## Records for processing
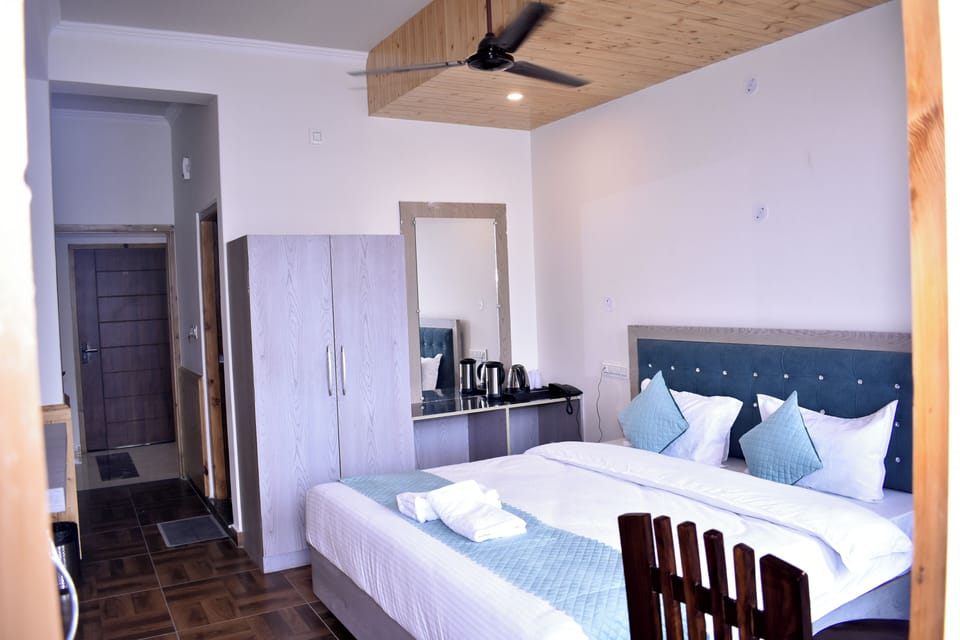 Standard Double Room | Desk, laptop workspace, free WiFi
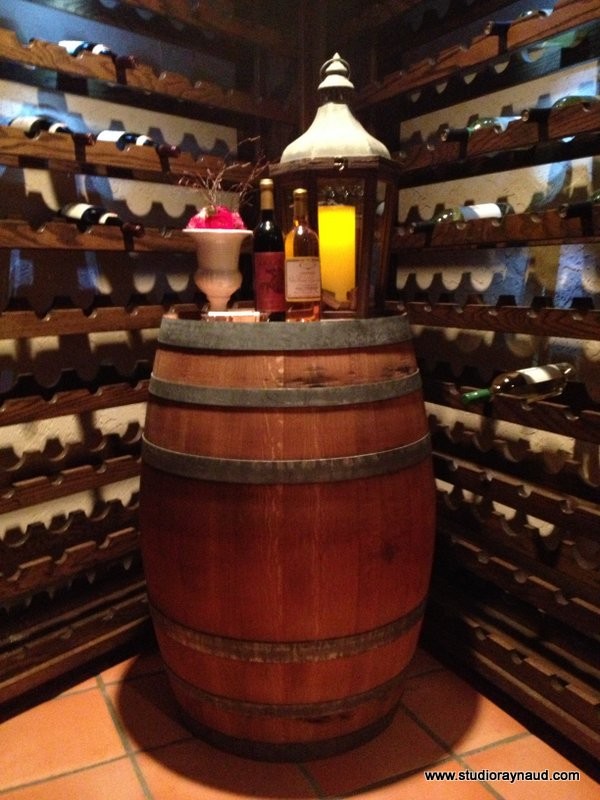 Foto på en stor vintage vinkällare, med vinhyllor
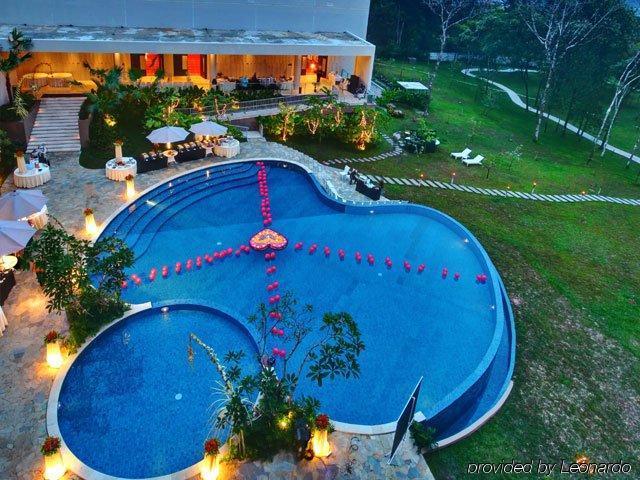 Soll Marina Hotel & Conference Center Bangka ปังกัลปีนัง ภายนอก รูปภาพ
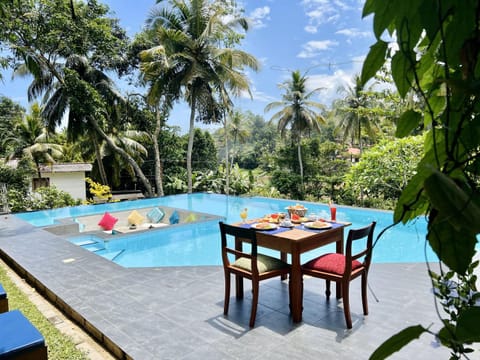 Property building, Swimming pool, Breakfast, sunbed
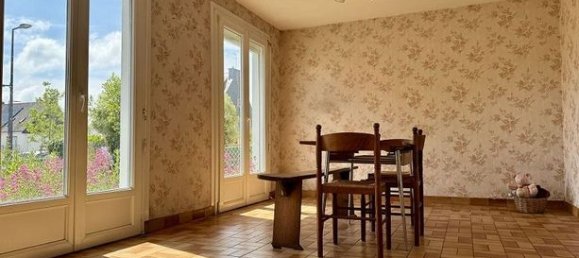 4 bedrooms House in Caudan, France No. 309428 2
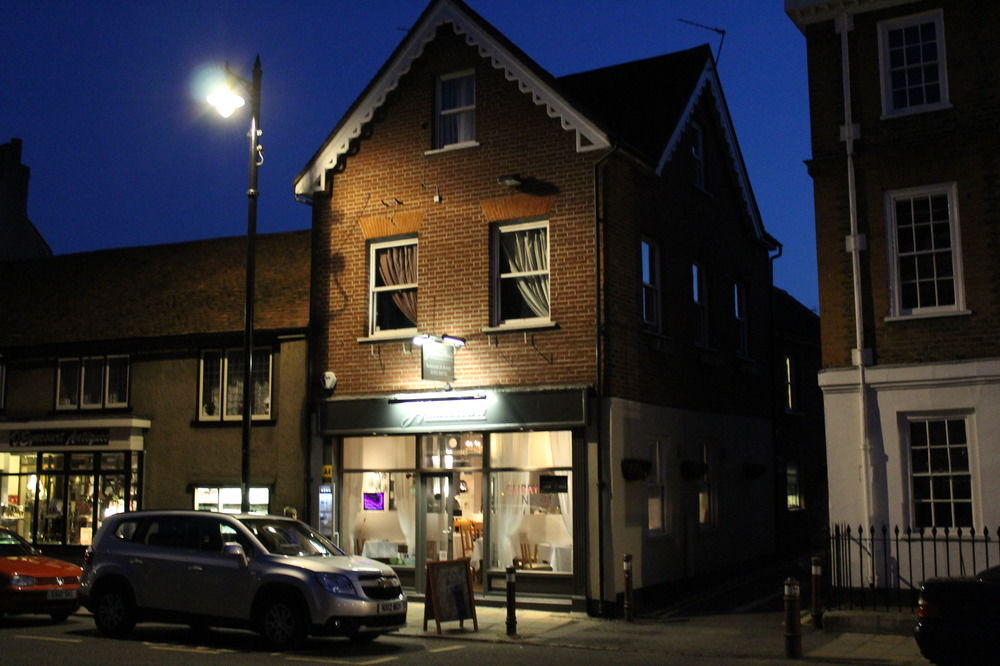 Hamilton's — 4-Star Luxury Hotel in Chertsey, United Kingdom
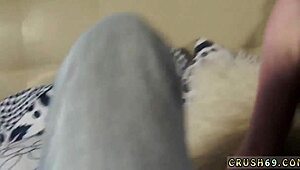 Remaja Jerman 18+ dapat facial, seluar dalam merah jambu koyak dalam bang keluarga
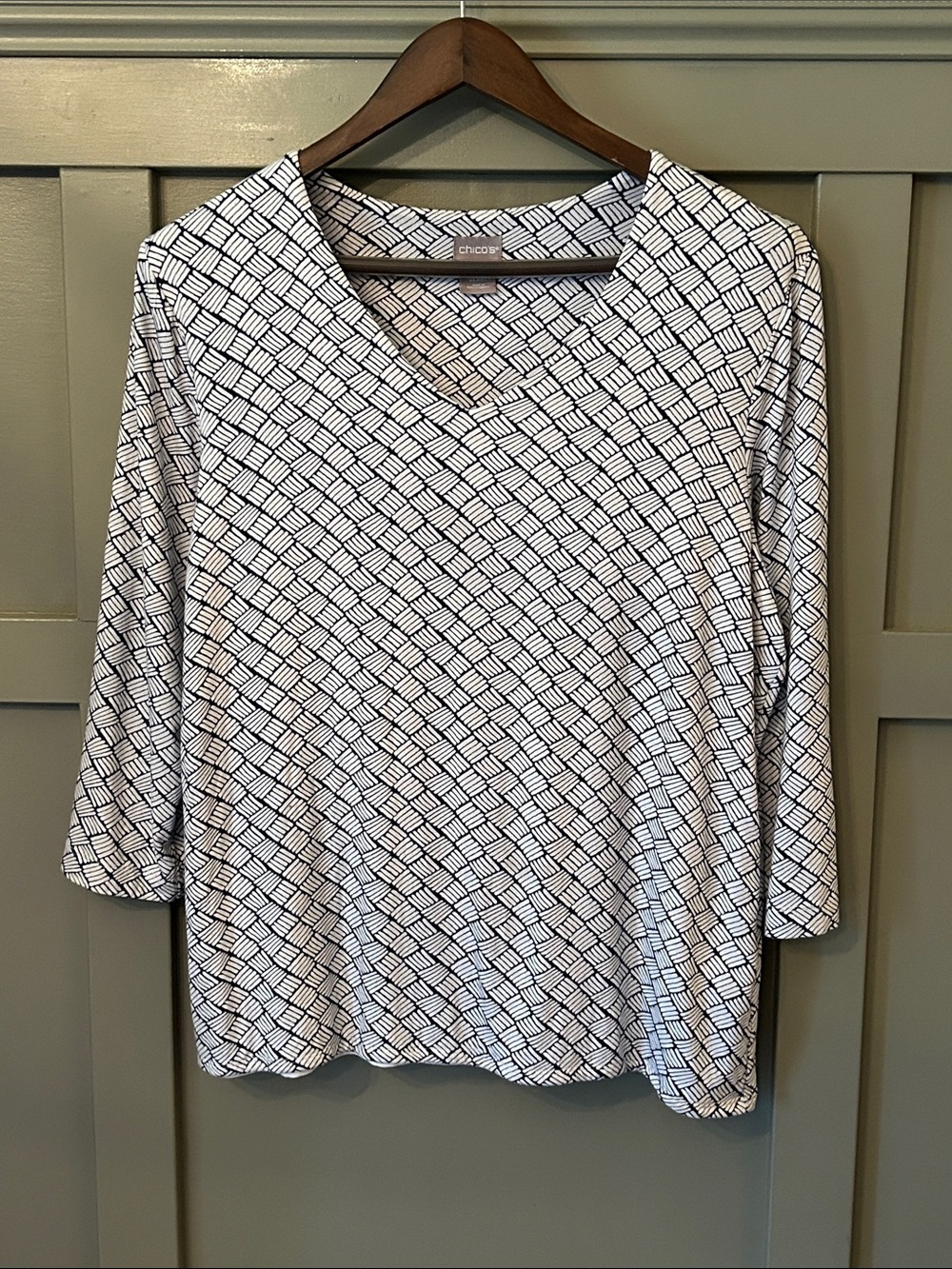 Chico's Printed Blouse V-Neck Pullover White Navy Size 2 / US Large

## Problem to work on
All lines from the one containing "Foto på en stor" through the end of the entries, both ends included, should be written out exactly, with no pictures.

## Written response
 Foto på en stor vintage vinkällare, med vinhyllor
 Soll Marina Hotel & Conference Center Bangka ปังกัลปีนัง ภายนอก รูปภาพ
 Property building, Swimming pool, Breakfast, sunbed
 4 bedrooms House in Caudan, France No. 309428 2
 Hamilton's — 4-Star Luxury Hotel in Chertsey, United Kingdom
 Remaja Jerman 18+ dapat facial, seluar dalam merah jambu koyak dalam bang keluarga
 Chico's Printed Blouse V-Neck Pullover White Navy Size 2 / US Large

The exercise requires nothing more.